*Problem details*: Your task is to restate exactly the lines from the one holding "British Motorcycle Pannier" to the end of the entries below, inclusive.

*Dataset excerpts*:
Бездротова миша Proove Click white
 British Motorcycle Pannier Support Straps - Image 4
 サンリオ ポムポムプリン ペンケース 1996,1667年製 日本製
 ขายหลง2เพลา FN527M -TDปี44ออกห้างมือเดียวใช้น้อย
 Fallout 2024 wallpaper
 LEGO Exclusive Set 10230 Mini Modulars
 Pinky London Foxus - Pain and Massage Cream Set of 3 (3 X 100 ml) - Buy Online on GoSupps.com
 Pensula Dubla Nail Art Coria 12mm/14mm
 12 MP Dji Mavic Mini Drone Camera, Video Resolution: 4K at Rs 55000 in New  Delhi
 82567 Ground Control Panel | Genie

*Response*:
 British Motorcycle Pannier Support Straps - Image 4
 サンリオ ポムポムプリン ペンケース 1996,1667年製 日本製
 ขายหลง2เพลา FN527M -TDปี44ออกห้างมือเดียวใช้น้อย
 Fallout 2024 wallpaper
 LEGO Exclusive Set 10230 Mini Modulars
 Pinky London Foxus - Pain and Massage Cream Set of 3 (3 X 100 ml) - Buy Online on GoSupps.com
 Pensula Dubla Nail Art Coria 12mm/14mm
 12 MP Dji Mavic Mini Drone Camera, Video Resolution: 4K at Rs 55000 in New  Delhi
 82567 Ground Control Panel | Genie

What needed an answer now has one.